_Working data_:
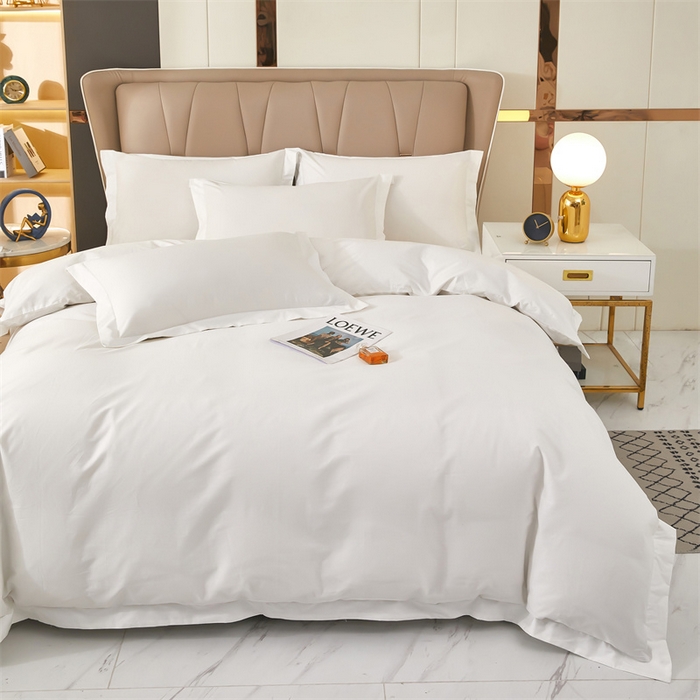 91家纺网 家纺一手货源 找家纺 安力森/诚臻酒店用品 2025新款酒店宾馆民宿60s全棉纯棉贡缎四件套 60*40全棉贡缎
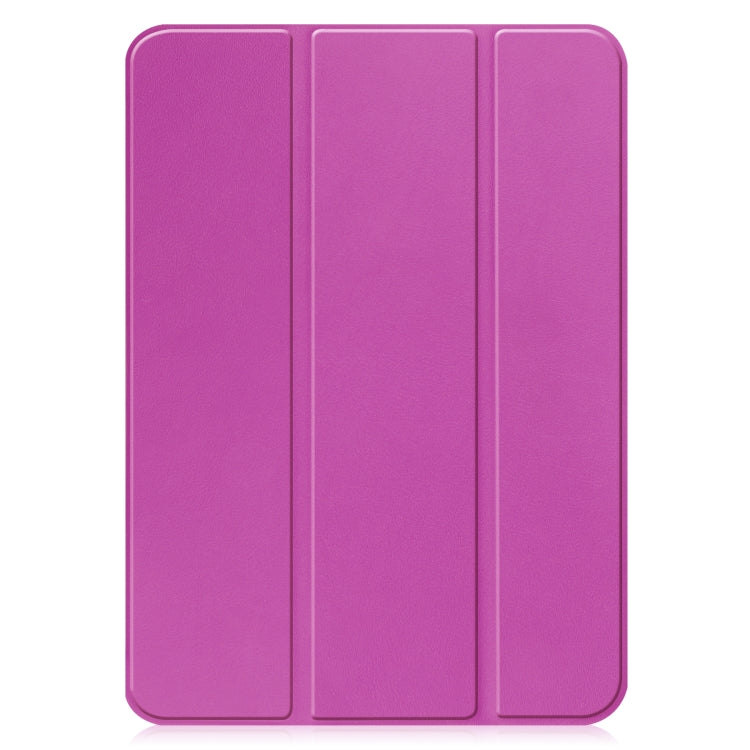 Solid Color Custer Texture Leather Tablet Case For iPad 10th Gen 10.9 2022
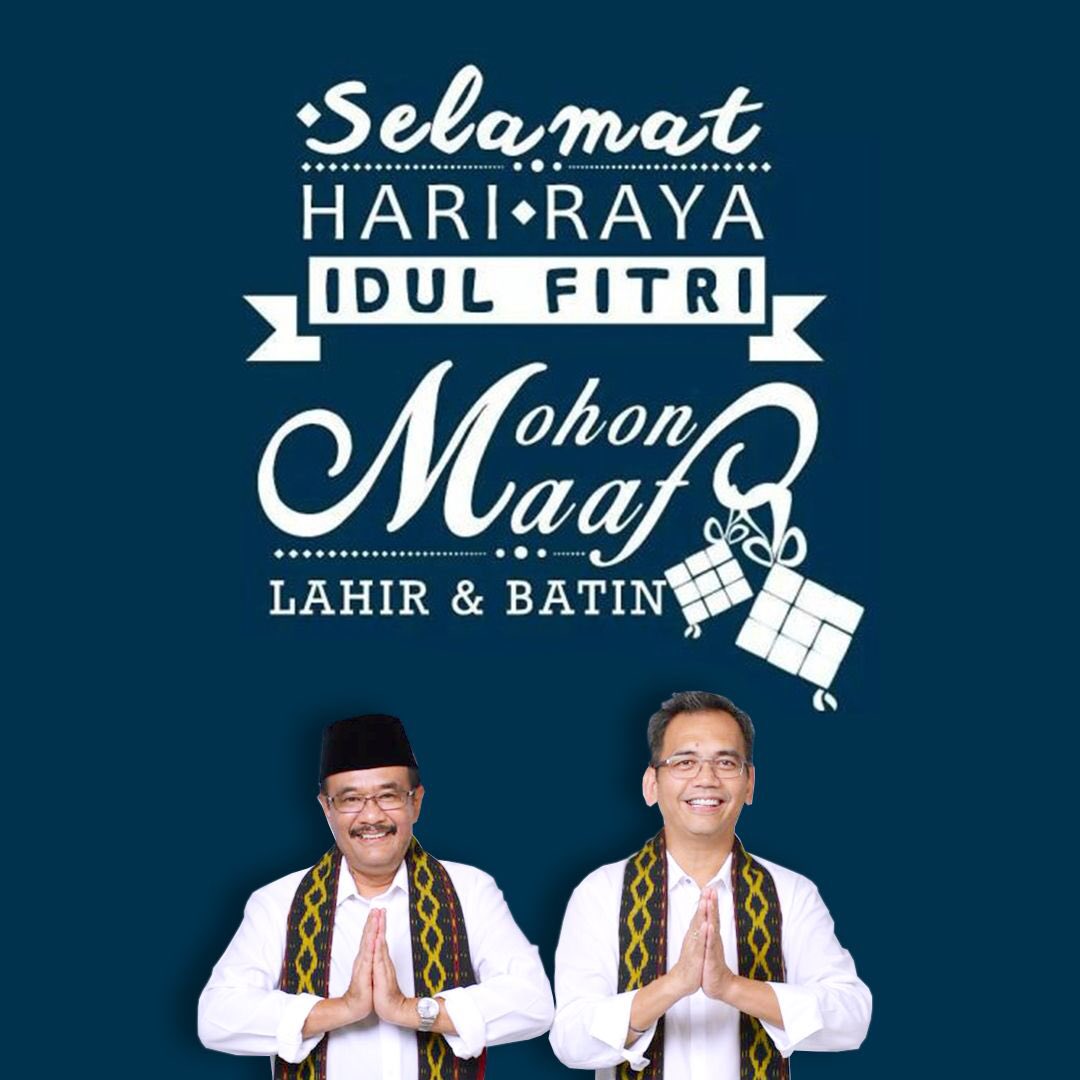 Mari kita tutup bulan suci ramadhan dengan saling meminta dan memberi maaf. Sambut bulan syawal dengan pribadi yang lebih baik dari sebelumnya. Saya dan keluarga mengucapkan Selamat Hari Raya Idul Fitri. Mohon Maaf Lahir dan Bathin.

#Djoss #DjarotSihar #Djoss2PilihanSumut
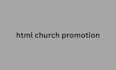 do html church promotion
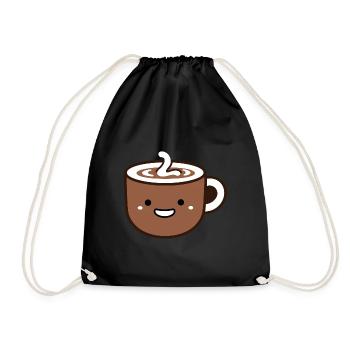 Humour petit chocolat chaud - Sac de sport léger - noir - Devant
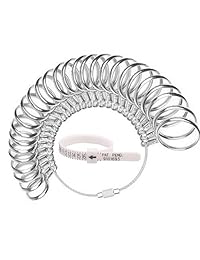 Juego de medidores de anillos de dedo, herramienta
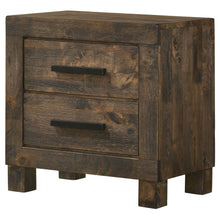 Load image into Gallery viewer, Woodmont 2-drawer Nightstand Rustic Golden Brown
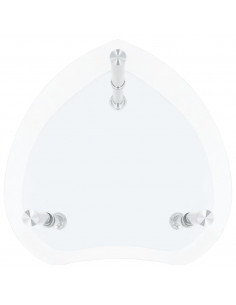 Tavolino a 2 Livelli Trasparente 38x38x50 cm in Vetro Temperato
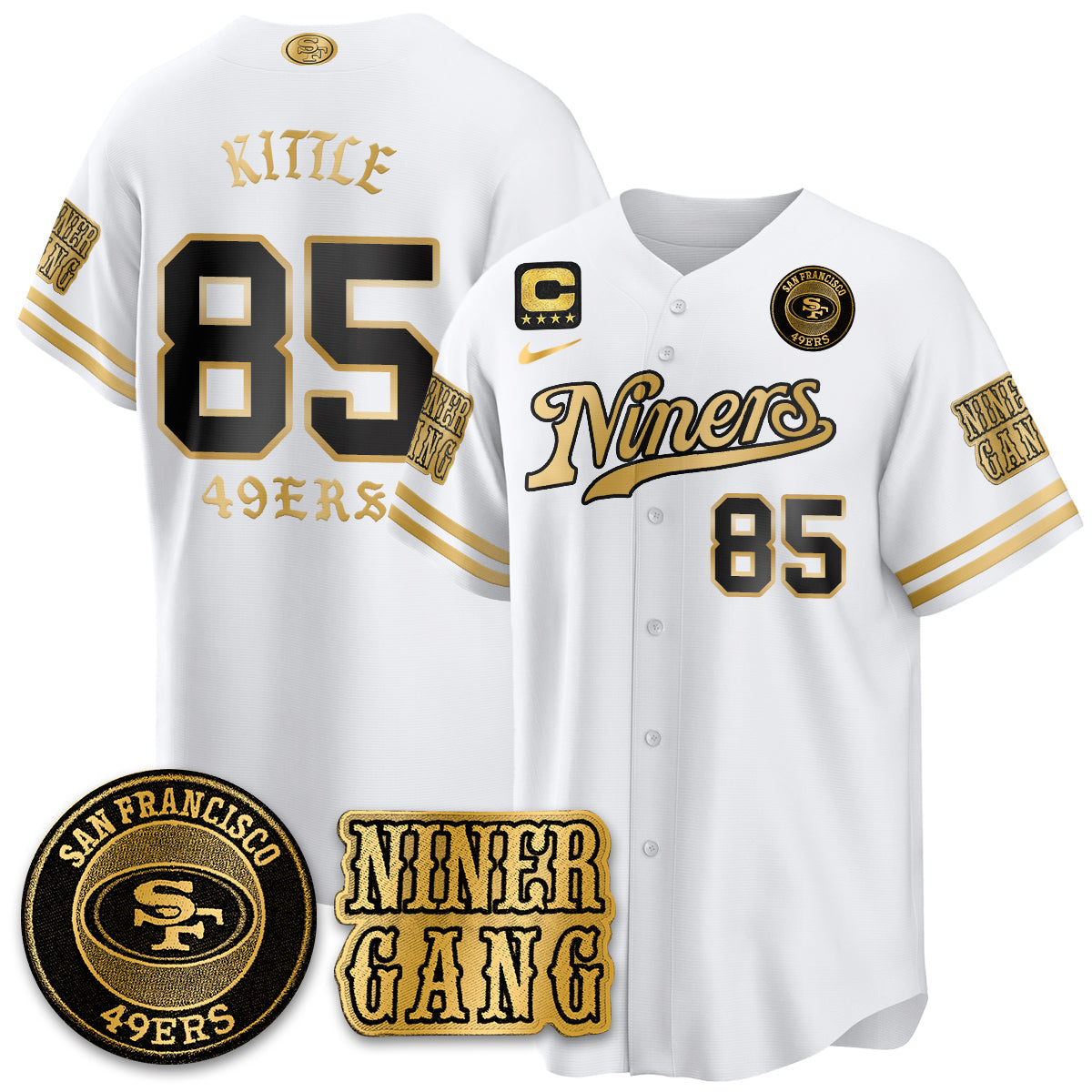 SF Born x Raised Baseball Jersey - All Stitched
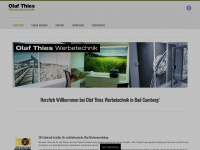 thies-werbetechnik.de Webseite Vorschau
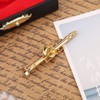 Atyhao Gold Plated Clarinet Brooch Miniature Instrument Musical Instrument Brooch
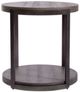 Liberty Furniture Modern View Gauntlet Gray Round End Table-3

_Task item_:
Please print exactly the lines from the one holding "Juego de medidores" through the final line of the data above, including both, and skip all pictures.

_Completed task_:
 Juego de medidores de anillos de dedo, herramienta
 Load image into Gallery viewer, Woodmont 2-drawer Nightstand Rustic Golden Brown
 Tavolino a 2 Livelli Trasparente 38x38x50 cm in Vetro Temperato
 SF Born x Raised Baseball Jersey - All Stitched
 thies-werbetechnik.de Webseite Vorschau
 Atyhao Gold Plated Clarinet Brooch Miniature Instrument Musical Instrument Brooch
 Liberty Furniture Modern View Gauntlet Gray Round End Table-3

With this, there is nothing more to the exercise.